Par ailleurs, Barack Obama, réélu aux Etats-Unis en novembre 2012, est resté dans le jeu. Mais à Séoul, en décembre 2012, Lee Myung-bak a laissé la place à Park Geun-hye, la fille de l'ancien dictateur Park Chung-hee, tandis qu'à Pékin, Xi Jinping vient de succéder à Hu Jintao. Et si le bluff prenait à nouveau ? Kim Jong-un n'hésite pas : nouveau tir de missile en décembre 2012, nouvel essai nucléaire en février, proclamations belliqueuses depuis.

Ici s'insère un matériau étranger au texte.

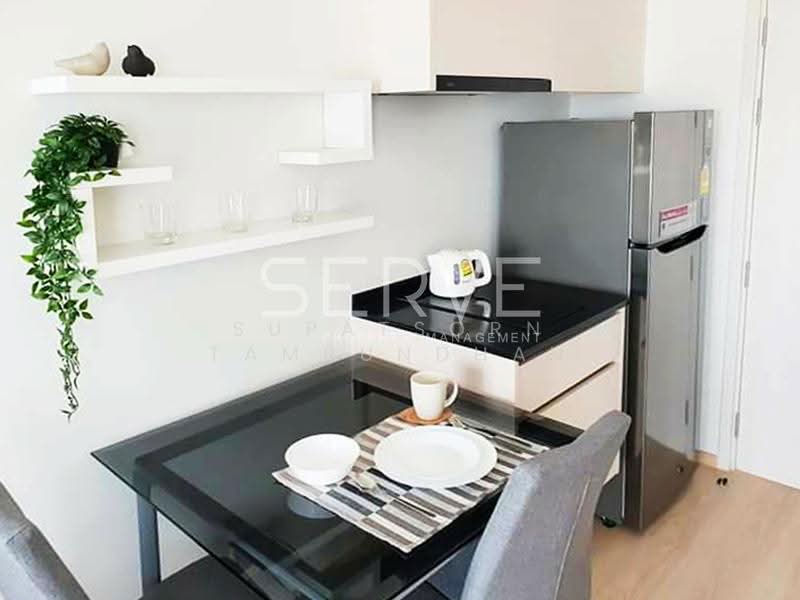 Noble Revolve Ratchada, Bangkok, 38 Ratchadapisek Road, Huai Khwang, Bangkok, 1 Bedroom, 26 sqm, Condo For Rent, by Supatsorn Tamrundhan, 500517445 - DDproperty.com
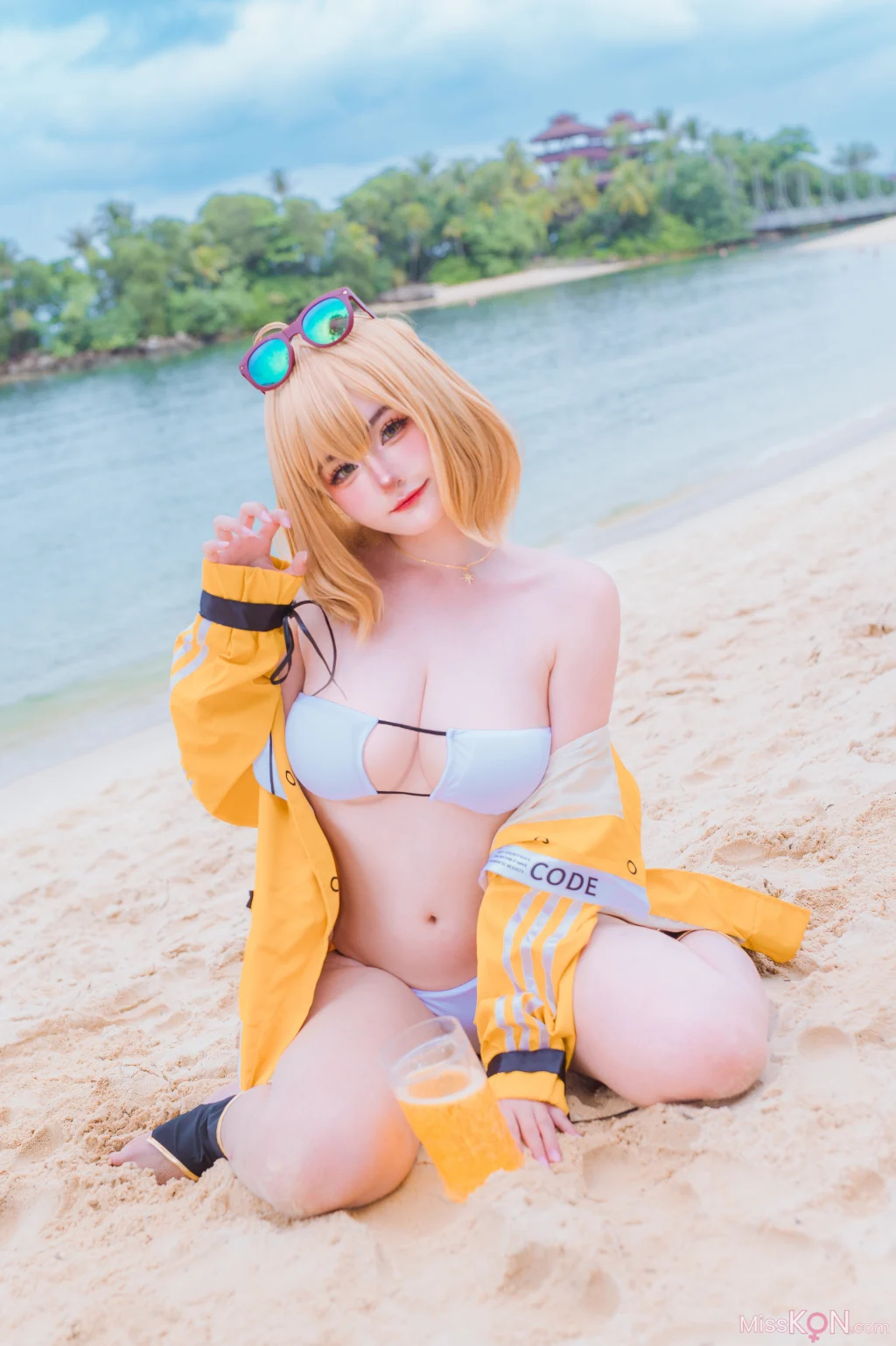 Coser@Xiaoyukiko小鱼: Anis Summer (27 photos) – Page 2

C'est là où le bât blesse. Certes, il fallait bien monter d'un ton pour désarmer les sceptiques. Fin mars, c'est la visite de la ministre française d'origine coréenne Fleur Pellerin qui fait l'actualité, pas les rodomontades du Nord. Le 9 mars, l'état-major de l'armée sud-coréenne n'a pas annulé son tournoi de golf, pas plus que la commission parlementaire de défense n'a renoncé à un déplacement à l'étranger.

Pour être pris au sérieux, Kim Jong-un n'en a-t-il pas fait trop et pas assez ? Pas assez car ses menaces peinent à convaincre. Son état-major de campagne atteste de moyens bien défraîchis. Au-delà de l'escalade verbale, la mobilisation générale, la dénonciation de l'armistice de Panmunjeom (1953), le rejet du traité de coopération intercoréen de 1991 ou le blocage de la zone industrielle de Kaeseong sentent le réchauffé.

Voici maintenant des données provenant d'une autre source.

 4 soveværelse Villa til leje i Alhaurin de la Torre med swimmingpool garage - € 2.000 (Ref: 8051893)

LE NOVICE KIM JONG-UN AURAIT ENCORE DU MAL À BLUFFER

Il en a aussi fait trop car, à force de provoquer, Washington et Séoul commencent à surenchérir. Des avions B-52 ont été déployés autour de la péninsule dès le 19 mars et, depuis le 2 avril, la présidente Park a formé une cellule de crise. Même Pékin, qui n'était jusque-là pas fâché que l'hystérie nord-coréenne masque la renaissance discrète de son impérialisme, commence à froncer les sourcils. Pire encore, d'après des informations recueillies au Sud, les Nord-coréens eux-mêmes donneraient des signes de lassitude. En somme, le novice Kim Jong-un aurait encore du mal à bluffer.

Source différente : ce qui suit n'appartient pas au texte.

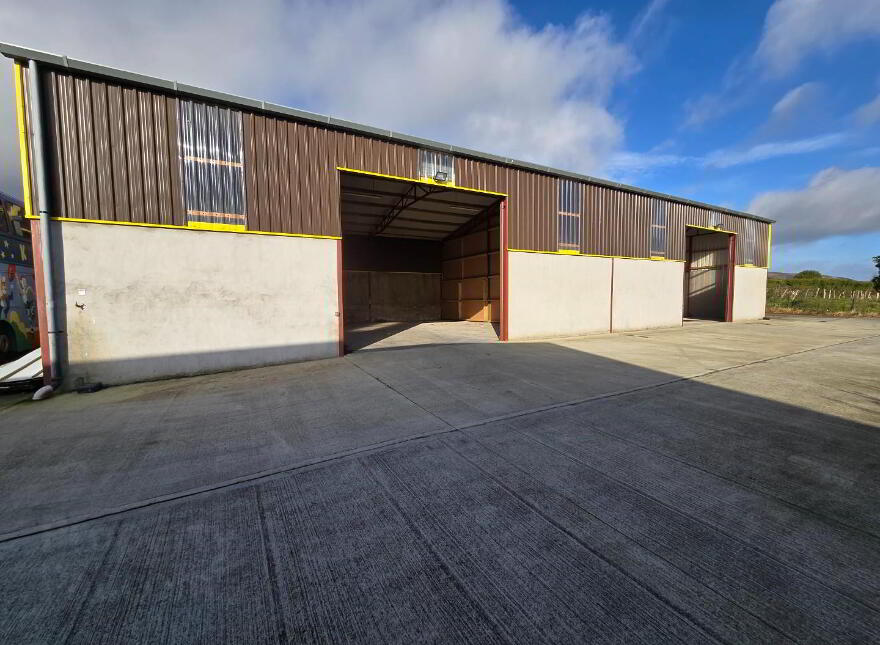 2 X Industrial Units At, 90 Forkhill Road, Newry, BT35 8QY photo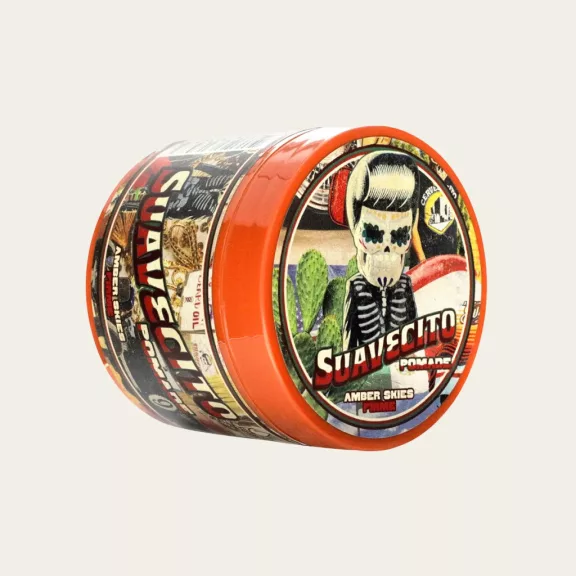 Suavecito Firme Hold Amber Skies pomádé 113 g Suavecito Firme Hold Amber Skies pomádé 113 g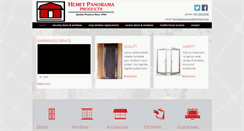 Desktop Screenshot of hemetpanorama.net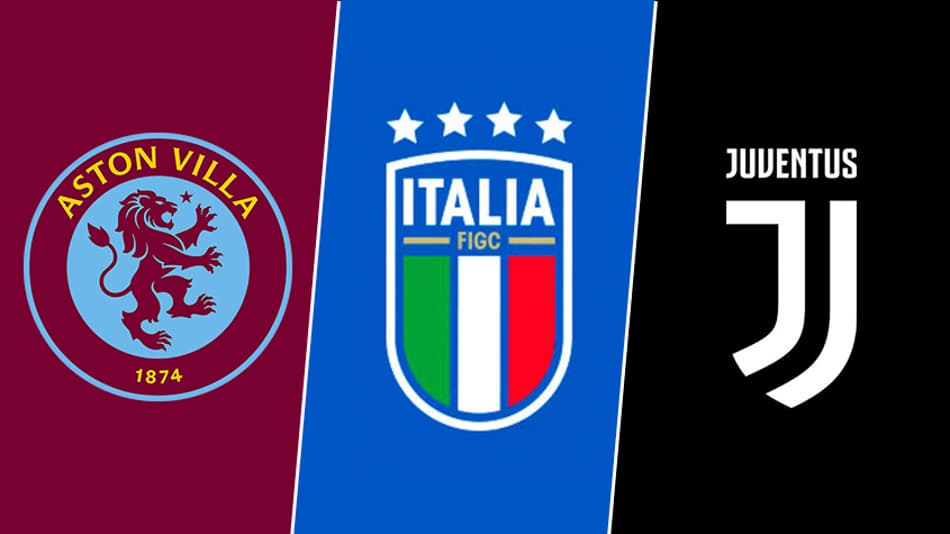 Seleção italiana modifica escudo; veja times que trocaram de símbolo nos últimos dez anos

Que faire à part une volte-face ? Certes, abandonner la partie sans compensation donnerait raison au proverbe coréen : "Le roquet qui aboye ne mord pas." Mais prolonger le bras de fer risquerait de mettre le feu aux poudres. Comme la légitimité de la dynastie Kim semble trop enracinée pour que l'armée soit tentée de porter un nouveau dirigeant sur le pavois, c'est donc bien à Kim Jong-un de trouver une issue.

La porte est étroite, mais elle existe. Jusqu'ici, la présidente Park n'a fait l'objet d'aucune critique : elle peut servir de recours. Depuis le 2 avril, on note aussi dans l'entourage du dirigeant nord-coréen la réapparition de son oncle Jang Song-taek qui passe pour un proche de Pékin et un partisan de l'apaisement. Kim Jong-un va-t-il choisir cette option ?

Jusqu'ici, cet ambitieux avide de pouvoir s'est comporté comme l'empereur romain Commode. Saura-t-il ruser comme Octave ? Toute la question est là.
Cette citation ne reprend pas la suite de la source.